Output exactly the lines that run from the top of the entries to the line holding "Large 4-bedroom home", including both of those lines.

Recorded data »
-=-=-=-=-

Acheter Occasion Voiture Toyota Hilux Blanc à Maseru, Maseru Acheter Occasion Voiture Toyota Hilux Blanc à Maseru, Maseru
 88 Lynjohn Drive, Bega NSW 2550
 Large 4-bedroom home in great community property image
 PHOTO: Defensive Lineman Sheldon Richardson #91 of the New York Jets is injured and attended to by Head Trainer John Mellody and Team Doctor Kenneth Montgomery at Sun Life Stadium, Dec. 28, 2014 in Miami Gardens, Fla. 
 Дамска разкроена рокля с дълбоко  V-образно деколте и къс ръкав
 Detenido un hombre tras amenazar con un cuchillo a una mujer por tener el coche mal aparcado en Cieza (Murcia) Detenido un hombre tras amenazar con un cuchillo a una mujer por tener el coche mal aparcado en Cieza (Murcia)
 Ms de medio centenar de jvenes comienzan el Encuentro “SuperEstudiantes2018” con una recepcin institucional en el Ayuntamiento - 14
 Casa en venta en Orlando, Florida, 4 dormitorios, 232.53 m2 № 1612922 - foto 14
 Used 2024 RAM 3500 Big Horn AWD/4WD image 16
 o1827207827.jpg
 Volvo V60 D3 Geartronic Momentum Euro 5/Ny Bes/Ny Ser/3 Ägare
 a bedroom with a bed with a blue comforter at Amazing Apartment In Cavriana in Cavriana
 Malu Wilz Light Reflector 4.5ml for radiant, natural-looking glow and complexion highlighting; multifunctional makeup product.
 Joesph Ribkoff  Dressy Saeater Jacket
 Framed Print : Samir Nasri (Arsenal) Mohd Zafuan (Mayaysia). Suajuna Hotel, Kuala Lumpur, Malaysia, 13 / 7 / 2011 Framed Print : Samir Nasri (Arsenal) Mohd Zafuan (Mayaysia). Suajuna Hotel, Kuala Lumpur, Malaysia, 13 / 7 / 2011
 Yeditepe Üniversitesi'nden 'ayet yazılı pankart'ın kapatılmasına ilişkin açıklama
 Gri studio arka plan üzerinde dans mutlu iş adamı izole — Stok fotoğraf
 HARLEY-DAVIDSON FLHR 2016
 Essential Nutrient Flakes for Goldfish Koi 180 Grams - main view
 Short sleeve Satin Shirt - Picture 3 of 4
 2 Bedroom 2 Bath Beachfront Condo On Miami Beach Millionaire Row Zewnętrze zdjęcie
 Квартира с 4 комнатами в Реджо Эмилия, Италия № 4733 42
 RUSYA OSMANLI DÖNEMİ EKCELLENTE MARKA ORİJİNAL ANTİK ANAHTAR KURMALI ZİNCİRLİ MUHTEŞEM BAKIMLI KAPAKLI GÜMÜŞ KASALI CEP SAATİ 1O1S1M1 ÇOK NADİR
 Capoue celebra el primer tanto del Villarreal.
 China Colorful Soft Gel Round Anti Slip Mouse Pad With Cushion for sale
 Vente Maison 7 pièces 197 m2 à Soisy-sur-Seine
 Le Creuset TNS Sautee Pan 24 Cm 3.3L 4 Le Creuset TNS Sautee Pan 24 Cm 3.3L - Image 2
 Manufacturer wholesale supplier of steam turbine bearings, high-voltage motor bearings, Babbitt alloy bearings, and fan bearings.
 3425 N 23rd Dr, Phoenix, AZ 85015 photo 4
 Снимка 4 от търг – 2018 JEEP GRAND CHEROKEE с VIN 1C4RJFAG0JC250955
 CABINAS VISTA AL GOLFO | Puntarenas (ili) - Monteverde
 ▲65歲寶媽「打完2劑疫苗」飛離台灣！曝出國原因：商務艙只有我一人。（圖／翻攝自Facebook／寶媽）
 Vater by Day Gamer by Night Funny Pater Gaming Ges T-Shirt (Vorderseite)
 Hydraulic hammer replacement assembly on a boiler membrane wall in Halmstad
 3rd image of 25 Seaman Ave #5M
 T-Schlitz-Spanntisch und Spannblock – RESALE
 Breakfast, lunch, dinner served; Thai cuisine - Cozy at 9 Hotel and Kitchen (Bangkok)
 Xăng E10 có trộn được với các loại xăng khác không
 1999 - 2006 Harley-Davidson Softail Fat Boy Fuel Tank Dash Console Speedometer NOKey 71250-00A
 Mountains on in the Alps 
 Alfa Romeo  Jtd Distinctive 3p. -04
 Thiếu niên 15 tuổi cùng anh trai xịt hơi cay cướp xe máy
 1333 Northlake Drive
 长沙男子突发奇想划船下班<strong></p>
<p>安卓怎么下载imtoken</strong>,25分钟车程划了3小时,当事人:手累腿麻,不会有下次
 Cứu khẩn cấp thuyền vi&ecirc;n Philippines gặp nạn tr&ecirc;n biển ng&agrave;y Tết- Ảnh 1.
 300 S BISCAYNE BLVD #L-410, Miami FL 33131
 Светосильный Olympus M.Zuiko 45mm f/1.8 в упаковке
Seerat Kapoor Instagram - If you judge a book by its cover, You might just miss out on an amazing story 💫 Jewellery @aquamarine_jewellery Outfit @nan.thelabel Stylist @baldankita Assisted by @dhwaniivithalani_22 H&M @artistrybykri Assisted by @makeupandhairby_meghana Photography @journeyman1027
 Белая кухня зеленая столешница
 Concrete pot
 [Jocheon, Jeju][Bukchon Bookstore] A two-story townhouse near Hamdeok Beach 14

-=-=-=-=-

ANSWER BELOW »
Acheter Occasion Voiture Toyota Hilux Blanc à Maseru, Maseru Acheter Occasion Voiture Toyota Hilux Blanc à Maseru, Maseru
 88 Lynjohn Drive, Bega NSW 2550
 Large 4-bedroom home in great community property image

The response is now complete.